Hi all. I am new to ADVI sampling. When I use ADVI to fit parameters for my model. I find that the average loss never decreases and the posterior value of the parameters is exactly the value at the middle of my prior distribution. The ELBO and trace figures are as follows:


And here is my model:


I am sure that there must be some sets of better parameters for the fitting process since I can even manually adjust the parameters to get a better fitting model.

What can be the possible reason that ADVI doesn’t work for me? Thanks!

1 Like

Can you post the code directly instead of a screenshot?

Does the model sample correctly with NUTS (i.e. pm.sample())? I suspect it’s not an ADVI but a model issue.

Hi,

Thanks for the reply. You are correct. I forgot to mention that using NUTS for my model takes an extremely long time but it’s okay to use metropolis hasting.

Here is the code.

def update_decisions(acti_normalized, noise_d_seq, sign_seq, bias, weight,learning_rate,bias_strength):
    # Calculate sign of decision
    decision=pt.sum(acti_normalized*weight,axis=1) - bias_strength * bias + noise_d_seq
    decision=decision/pt.abs(decision)

    # Update bias and weight
    bias= bias_update*decision+(1-bias_update)*bias
    delta=acti_normalized*learning_rate*sign_seq*Amax
    weight=weight+(w_max-weight)*pt.switch(delta>=0,delta,0)+(weight-w_min)*pt.switch(delta<0,delta,0)
    
    return bias, weight, decision    

BIP=pm.Model()
lower=[0,0,0,0,0]
upper=[0.01,3,3,0.5,0.5]

with BIP:
    test=pm.Uniform('test', lower=lower, upper=upper)
    
    noise_d_seq =  pt.as_tensor_variable(np.random.normal(0, 1, size=(nTrials,nAverage)))*test[3]
    noise_r_seq =  pt.as_tensor_variable(np.random.normal(0, 1, size=(nTrials,nAverage,nUnits)))*test[4]
    
    acti_withnoise = acti_seq +noise_r_seq
    acti_normalized =((1-pt.exp(-test[2]*pt.switch(acti_withnoise>0,acti_withnoise,0)))/(1+pt.exp(-test[2]*pt.switch(acti_withnoise>0,acti_withnoise,0))))*Amax
    
    results, _ = pytensor.scan(fn=update_decisions,
                         sequences=[acti_normalized, noise_d_seq, sign_seq],
                         outputs_info=[bias,weight, None],
                         non_sequences=[test[0],test[1]])
    
    correctness=(results[2].sum(axis=1)/nAverage)*sign_seq
    block_correctness_prob=pt.clip((pt.stack([correctness[IL].sum(axis=1),correctness[IN].sum(axis=1),correctness[IH].sum(axis=1)
                                 ,correctness[CL].sum(axis=1),correctness[CN].sum(axis=1),correctness[CH].sum(axis=1)],axis=0)+50)/100,0.001,0.999)
    nCorrect=pm.Binomial('nCorrect', n=trials_p_block, p=block_correctness_prob, observed=block_correct)

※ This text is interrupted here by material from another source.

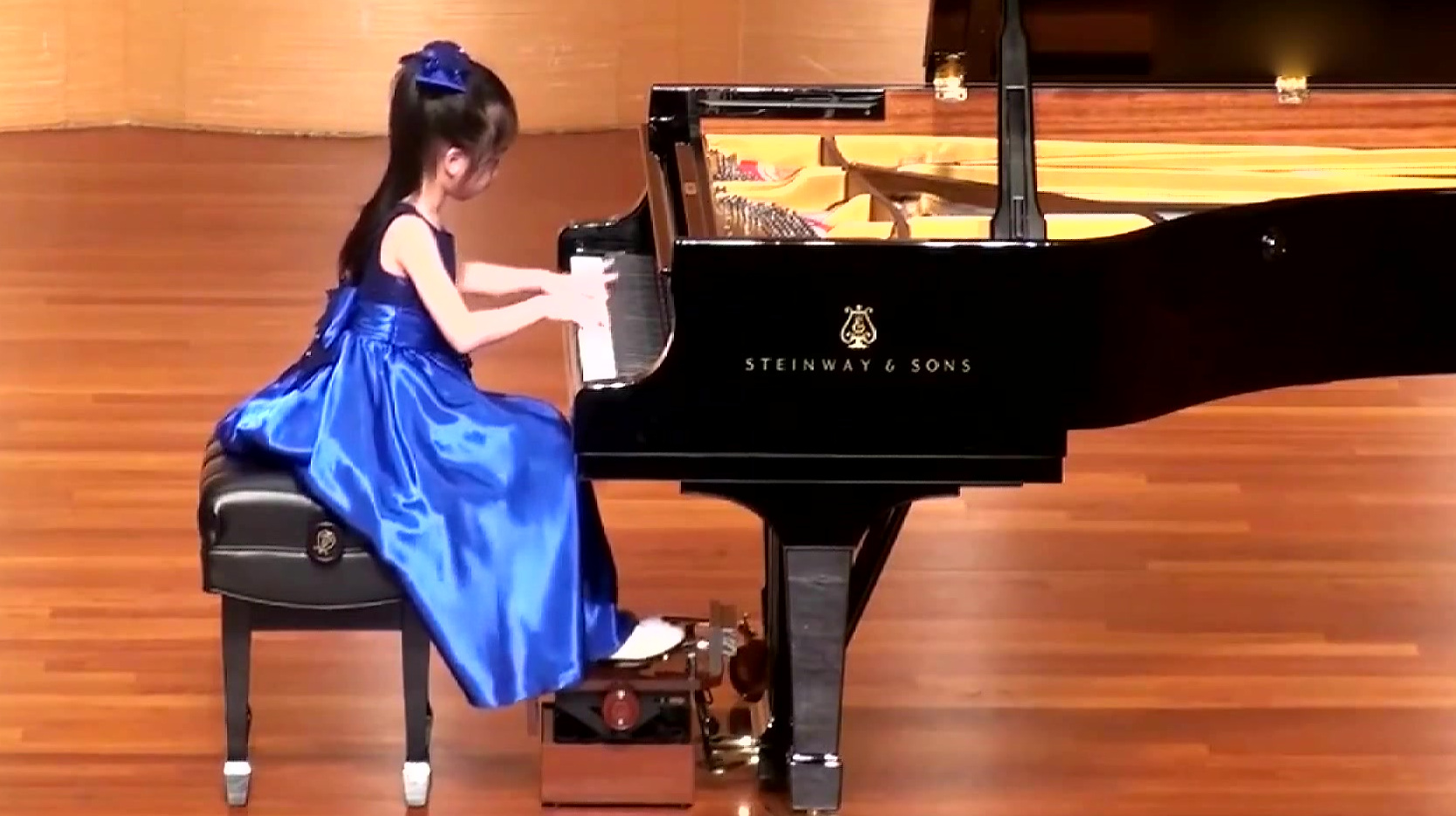 小女孩钢琴演奏发型图片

OK that means your model is mis-specified. Unfortunately I won’t be able to dig into why but I recommend you start with the simplest model you can, get that working on NUTS, and then slowly add back complexity while always making sure NUTS samples well and fast.

1 Like

Can you explain a little bit about what ‘mis-specified’ means? I have checked the calculation line by line and no error is found. Thanks!

I would describe what you are seeing as the model and the data and the sampler not getting along very nicely. Uniform distributions tend to be tough with the NUTS sampler, for example. And the fact that you are incorporating random elements into your model (e.g., the calls to np.random.normal) is generally not a good idea in the context of a PyMC model.

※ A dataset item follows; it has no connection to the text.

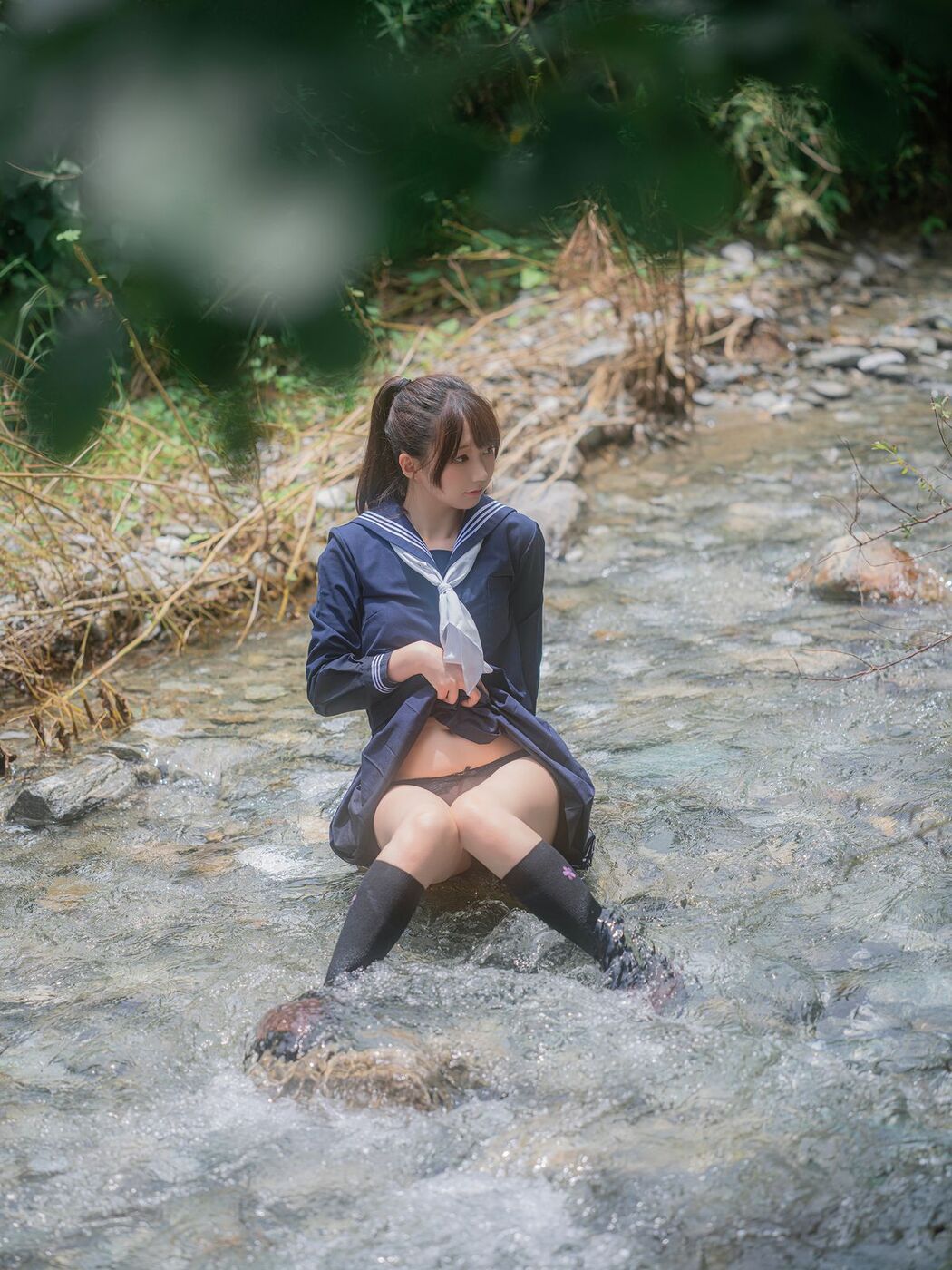 Coser@NAGISA魔物喵 – 川で水遊び Part1 (56P)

Instead of debugging your current model, I would suggest stepping back and describing what you are trying to do. Once you and others here have a handle on that, you can do as @twiecki suggest and start with a simple (possibly too-simple) version of the model and gradually add pieces to it so that you know when (if) sampling starts to be problematic.

1 Like

Thank you for the suggestion! I will definitely try them!